"Il est palestinien et coursier. Elle est bistrotière et juive. Ils sont mariés, mais pas ensemble. Entre eux, il y a une frontière, un monde, mais aussi une attraction fatale. Pendant ses livraisons, Saleem fait le Kama-sutra avec Sarah, dans la camionnette où sont entreposés les brioches, les croissants et le pain azyme. C’est donc juste un petit adultère banal, un quickie derrière le mur des Lamentations, rien de plus. Mais voilà, nous sommes au pays des chimères, des complications, des raisonnements byzantins. Ce n’est donc pas une love story, c’est une affaire d’état(s). On est dans un puzzle absurde : les trafiquants du marché noir s’en mêlent, les activistes arabes aussi, les services de sécurité israéliens soupçonnent une machination, le mari de Sarah est colonel, et plus Saleem se justifie, plus il s’enfonce.
Entre Jérusalem-Est, où il vit, et Jérusalem-Ouest, où il travaille, entre sa femme enceinte et sa famille pénible, Saleem tente de survivre. Mais il est d’abord accusé de faire passer des putes sur la rive droite, puis est contraint de signer un document assurant que Sarah n’est pas une couche-toi-là, mais qu’elle est une « source » valable pour des renseignements, qu’elle ne possède pas. L’après-midi du faune palestinien devient une saga enflammée par une bureaucratie folle. C’est « Roméo et Juliette » version baklava. Compliqué ? Bien sûr. Déjà, le film est une coproduction palestinienne-mexicaine-néerlandaise--allemande. Le réalisateur, Muayad Alayan, a été formé à San Francisco, est établi à Bethléem et, incontestablement, sait capter avec finesse la fracture de classe, de culture, d’origine, qui zèbre le Moyen-Orient.

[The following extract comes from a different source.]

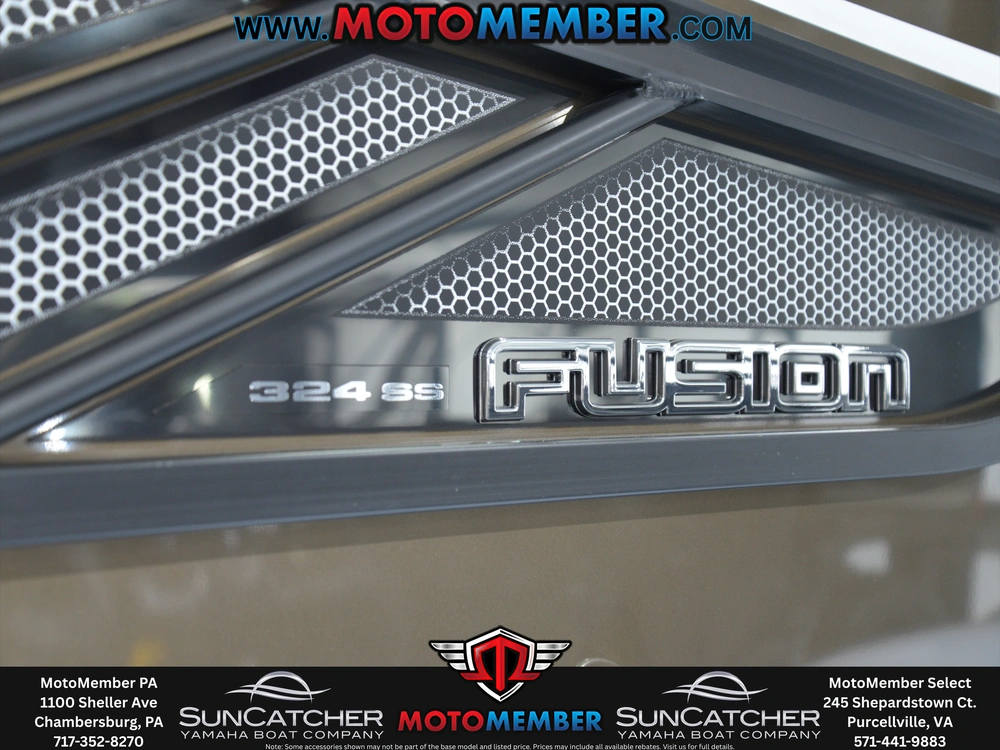 2025 Suncatcher Fusion 324ss alt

Le scénario, écrit par le frère du réalisateur, Rami Alayan, dit, en sous-main, toute la tragédie de cette terre mille fois bénie, mille fois maudite. Quand les amants filent à Bethléem, ils sont sur une autre planète, loin des feux de la guerre. Mais Saleem est un intrus en Israël, et Sarah est malvenue en Palestine. Muayad Alayan observe ces corps qui s’enlacent, ces cassures ethniques, ces haines religieuses. L’interdit nourrit la passion, et même les positions du petit pont ou de l’étreinte du panda sont politiques, là-bas. Tout a commencé par un baiser, tout se termine en foutoir et c’est absolument captivant. Dans cette histoire, l’Orient n’a rien de moyen. Il est l’empire de la passion."